The listing below is to be copied exactly, with pictures excluded.

[SUPPLIED DATA]
--------------------

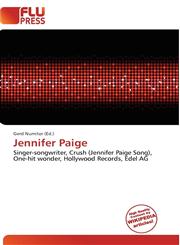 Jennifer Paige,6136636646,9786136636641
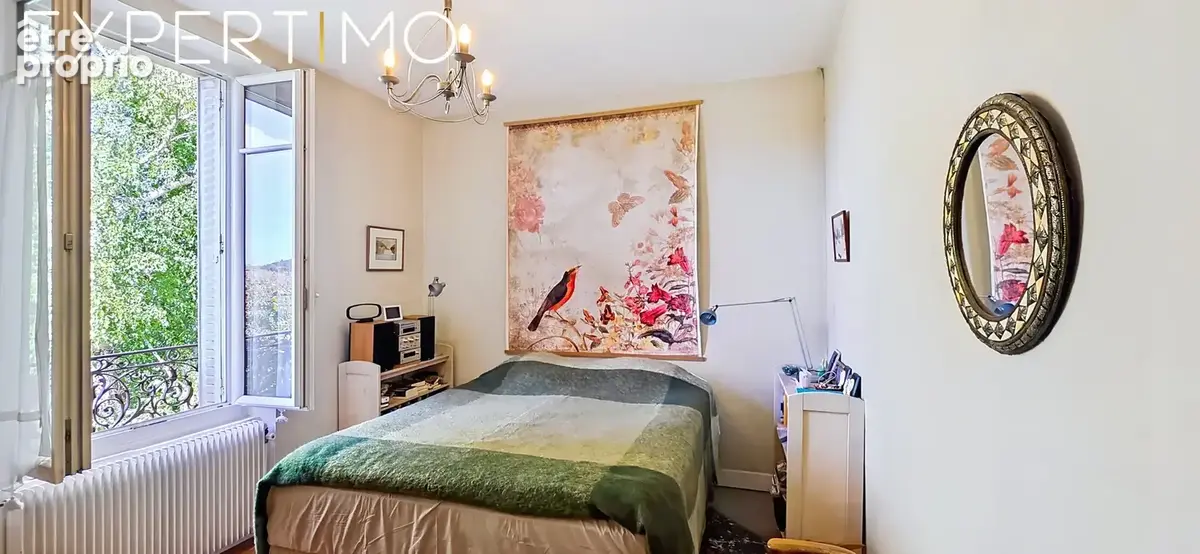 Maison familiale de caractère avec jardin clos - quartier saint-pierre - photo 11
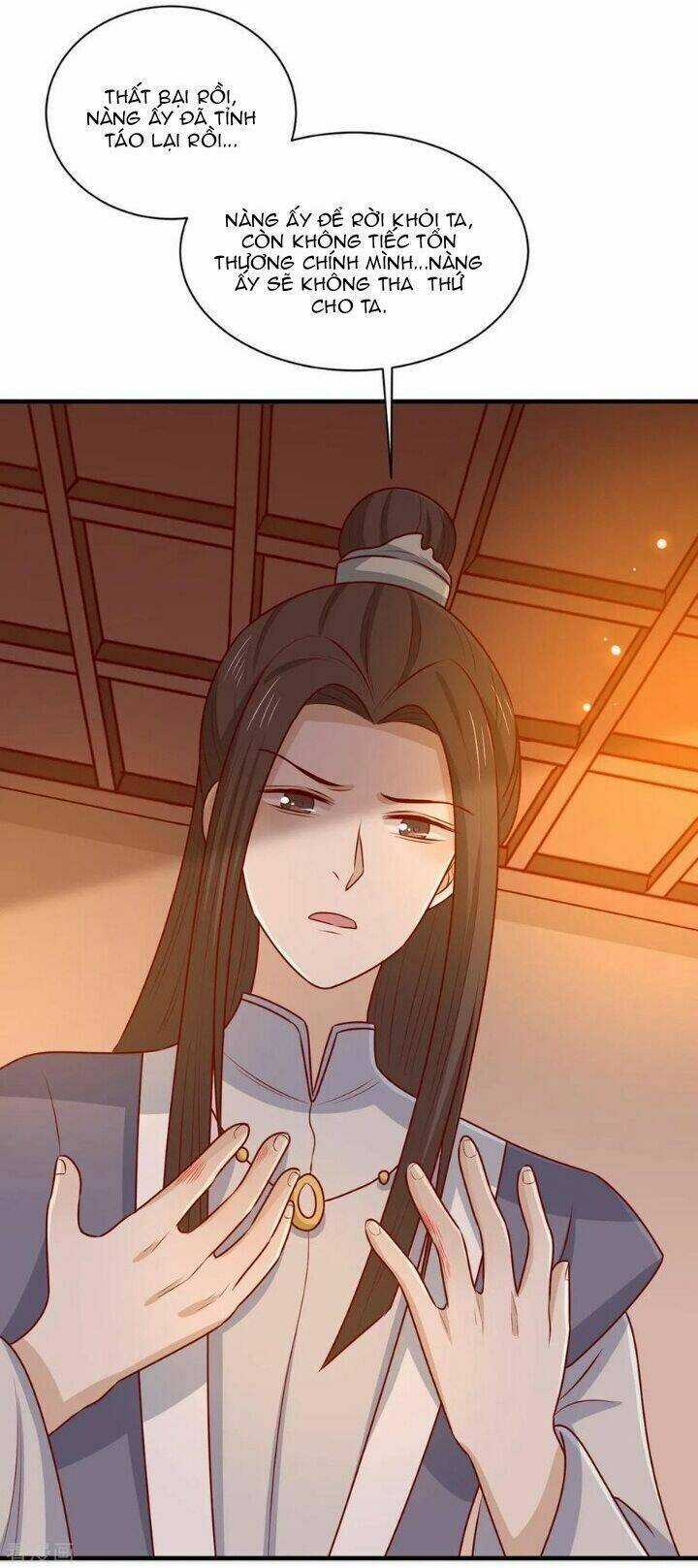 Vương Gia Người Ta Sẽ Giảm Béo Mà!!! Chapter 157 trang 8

--------------------

[WRITTEN ANSWER]
 Jennifer Paige,6136636646,9786136636641
 Maison familiale de caractère avec jardin clos - quartier saint-pierre - photo 11
 Vương Gia Người Ta Sẽ Giảm Béo Mà!!! Chapter 157 trang 8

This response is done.